Opinion

EDITORIAL: Charity works to help others

It’s hard to imagine what shape Nanaimo’s less fortunate would be in if not for the efforts of charitable organizations and the generosity of residents and businesses.

That’s not to say their worries are over, but at least most are going to have some food on the table over the holidays and one or two presents under the Christmas tree.

And that’s because Nanaimo has lived up to its proud history of giving, even when economic times are proving tough for many.

Hamperville accepted more than 45,000 kilograms of donated food in support of Loaves and Fishes Community Food Bank and the Salvation Army’s food programs.

That’s down from last year’s record donation, but no one is going to be denied a hamper of groceries.

The Great Nanaimo Toy Drive experienced the generosity of the public as well, with donations of toys and cash up from last year, and the News Bulletin’s Pennies for Presents campaign saw a significant jump from a year ago, raising close to $5,000 so far for the toy drive, Salvation Army and Nanaimo Boys and Girls Club.

Some charities got a little creative to capture the attention and giving spirit of people.
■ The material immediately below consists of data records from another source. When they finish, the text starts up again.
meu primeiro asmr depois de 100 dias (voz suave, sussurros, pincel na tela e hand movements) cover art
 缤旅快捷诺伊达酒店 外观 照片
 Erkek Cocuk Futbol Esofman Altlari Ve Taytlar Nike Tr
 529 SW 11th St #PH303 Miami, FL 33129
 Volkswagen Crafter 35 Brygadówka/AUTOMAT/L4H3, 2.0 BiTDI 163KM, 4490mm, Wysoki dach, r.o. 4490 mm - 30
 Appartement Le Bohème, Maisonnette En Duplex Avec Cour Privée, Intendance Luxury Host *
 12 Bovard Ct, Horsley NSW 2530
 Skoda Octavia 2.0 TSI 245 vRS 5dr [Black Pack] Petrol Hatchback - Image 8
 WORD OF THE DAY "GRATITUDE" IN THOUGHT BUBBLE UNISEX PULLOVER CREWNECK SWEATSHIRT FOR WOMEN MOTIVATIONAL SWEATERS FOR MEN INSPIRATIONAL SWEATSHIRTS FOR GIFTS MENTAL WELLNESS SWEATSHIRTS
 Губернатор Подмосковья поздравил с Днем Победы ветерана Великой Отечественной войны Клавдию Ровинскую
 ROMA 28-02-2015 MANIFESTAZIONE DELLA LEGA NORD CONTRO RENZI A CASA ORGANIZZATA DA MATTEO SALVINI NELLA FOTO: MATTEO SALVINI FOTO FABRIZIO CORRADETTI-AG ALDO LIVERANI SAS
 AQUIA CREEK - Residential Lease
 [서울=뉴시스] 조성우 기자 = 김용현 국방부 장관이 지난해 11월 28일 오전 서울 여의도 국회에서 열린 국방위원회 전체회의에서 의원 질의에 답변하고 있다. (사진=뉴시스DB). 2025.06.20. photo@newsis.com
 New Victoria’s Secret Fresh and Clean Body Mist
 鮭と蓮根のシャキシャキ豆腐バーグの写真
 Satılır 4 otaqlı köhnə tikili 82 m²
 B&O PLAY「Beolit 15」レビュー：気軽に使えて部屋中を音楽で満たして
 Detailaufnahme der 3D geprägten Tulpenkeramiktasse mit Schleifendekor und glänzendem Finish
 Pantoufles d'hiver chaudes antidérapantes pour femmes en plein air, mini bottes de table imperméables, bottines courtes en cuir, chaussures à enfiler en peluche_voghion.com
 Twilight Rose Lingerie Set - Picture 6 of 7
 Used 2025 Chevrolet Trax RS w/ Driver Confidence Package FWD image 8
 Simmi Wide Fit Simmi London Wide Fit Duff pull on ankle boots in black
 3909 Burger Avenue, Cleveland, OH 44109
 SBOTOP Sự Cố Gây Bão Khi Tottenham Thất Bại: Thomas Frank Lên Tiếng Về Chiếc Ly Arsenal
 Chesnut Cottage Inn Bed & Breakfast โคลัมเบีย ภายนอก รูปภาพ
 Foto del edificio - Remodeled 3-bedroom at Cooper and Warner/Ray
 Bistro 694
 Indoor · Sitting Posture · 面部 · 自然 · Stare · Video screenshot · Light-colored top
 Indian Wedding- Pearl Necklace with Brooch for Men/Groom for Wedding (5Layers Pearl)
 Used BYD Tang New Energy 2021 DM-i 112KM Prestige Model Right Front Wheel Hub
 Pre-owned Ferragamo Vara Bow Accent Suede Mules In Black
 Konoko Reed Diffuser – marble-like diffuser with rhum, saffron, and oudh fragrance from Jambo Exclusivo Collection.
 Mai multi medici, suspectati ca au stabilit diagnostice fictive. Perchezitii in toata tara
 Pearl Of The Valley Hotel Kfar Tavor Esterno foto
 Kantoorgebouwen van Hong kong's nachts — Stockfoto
Instead of the regular ringing of the bells, some Salvation Army kettle donation stands had volunteers singing Christmas carols or belting out a tune on a saxophone.

Whatever it takes, it’s worth it.

Because if someone isn’t dropping some spare change into a kettle or picking up a few extra groceries to donate to a hamper campaign, those in need will go without.

Thankfully, the desire to give whatever we can and pull together to help one another allows charities to fulfill their roles to the best of their abilities.

It’s a partnership that most wish wasn’t needed, but one that works.